■ **Your instructions**
From the line containing "Trump dice que" through the last line of the entries, output the text exactly. Pictures stay out.

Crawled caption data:
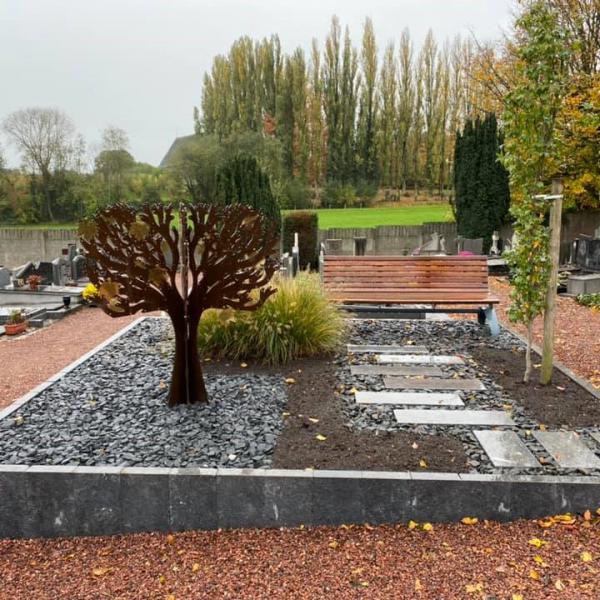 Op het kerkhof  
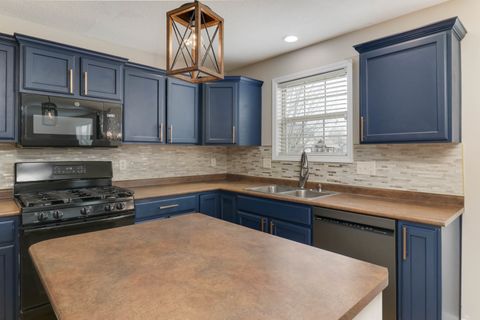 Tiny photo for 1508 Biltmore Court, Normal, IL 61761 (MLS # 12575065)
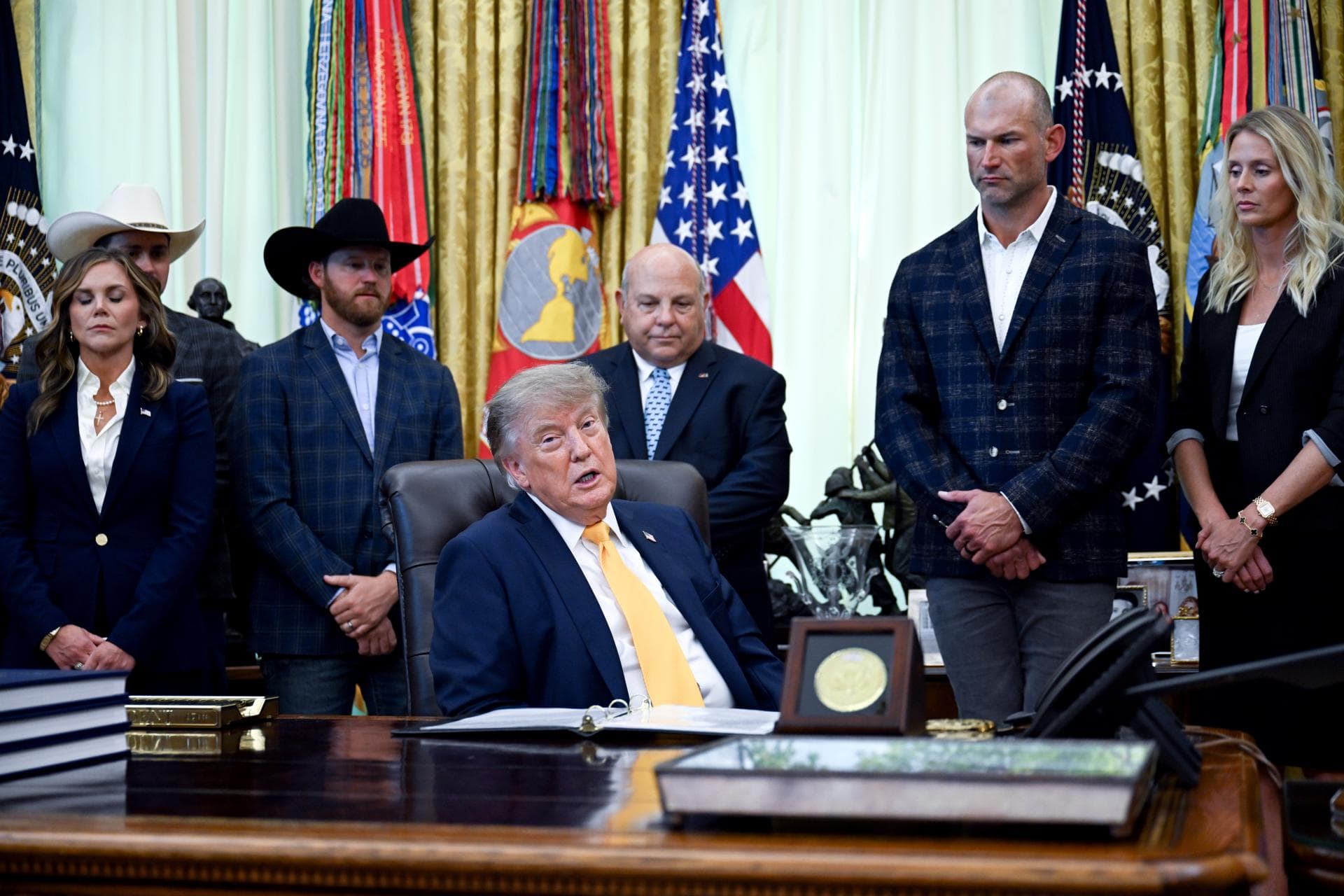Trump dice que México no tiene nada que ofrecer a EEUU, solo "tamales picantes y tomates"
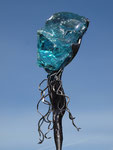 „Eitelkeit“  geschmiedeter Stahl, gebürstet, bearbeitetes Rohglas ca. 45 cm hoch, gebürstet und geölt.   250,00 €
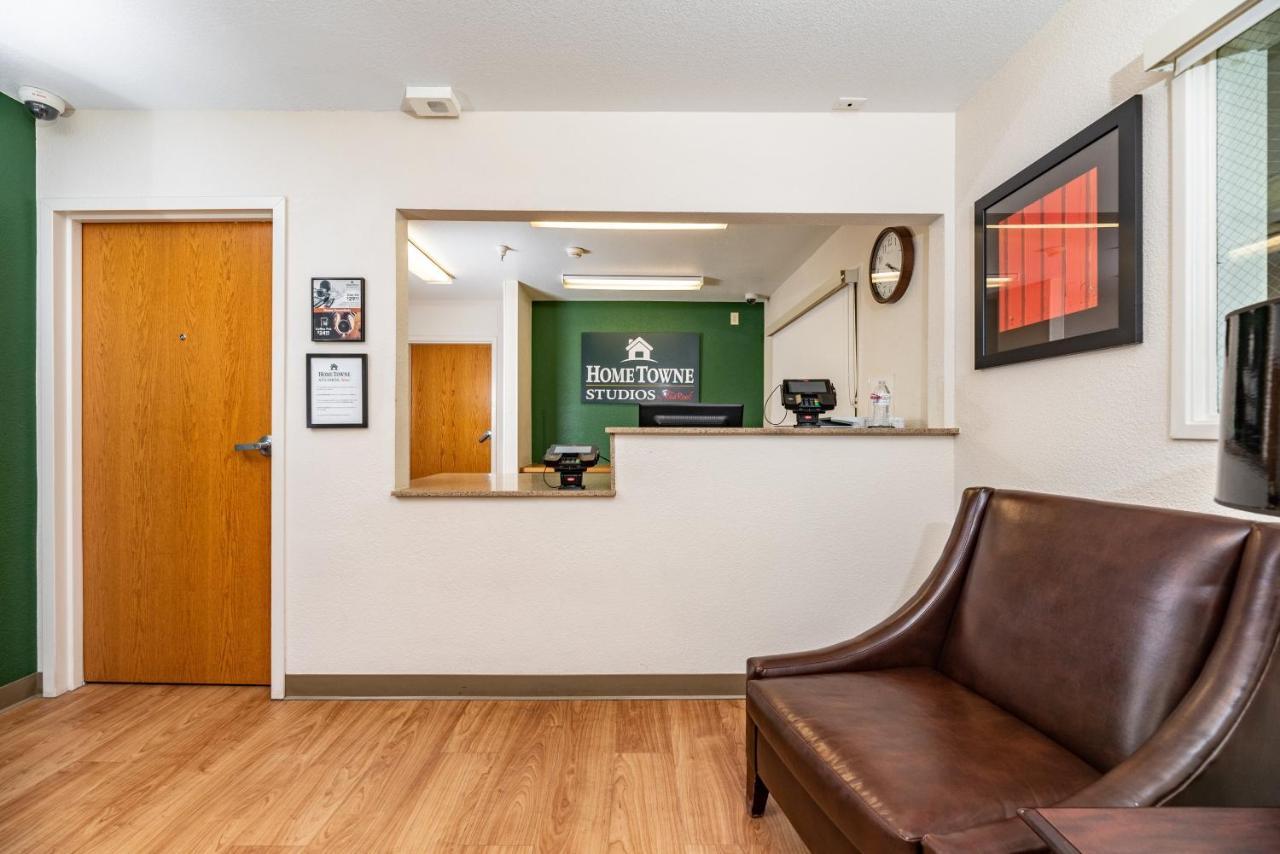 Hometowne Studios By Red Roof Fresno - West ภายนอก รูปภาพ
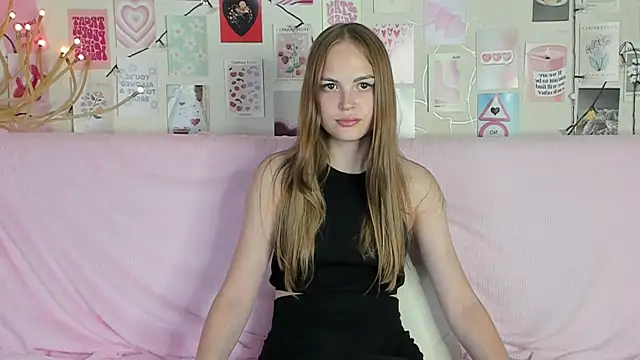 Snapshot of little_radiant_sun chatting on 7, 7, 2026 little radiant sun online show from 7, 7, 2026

■ **Expected answer**
Trump dice que México no tiene nada que ofrecer a EEUU, solo "tamales picantes y tomates"
 „Eitelkeit“  geschmiedeter Stahl, gebürstet, bearbeitetes Rohglas ca. 45 cm hoch, gebürstet und geölt.   250,00 €
 Hometowne Studios By Red Roof Fresno - West ภายนอก รูปภาพ
 Snapshot of little_radiant_sun chatting on 7, 7, 2026 little radiant sun online show from 7, 7, 2026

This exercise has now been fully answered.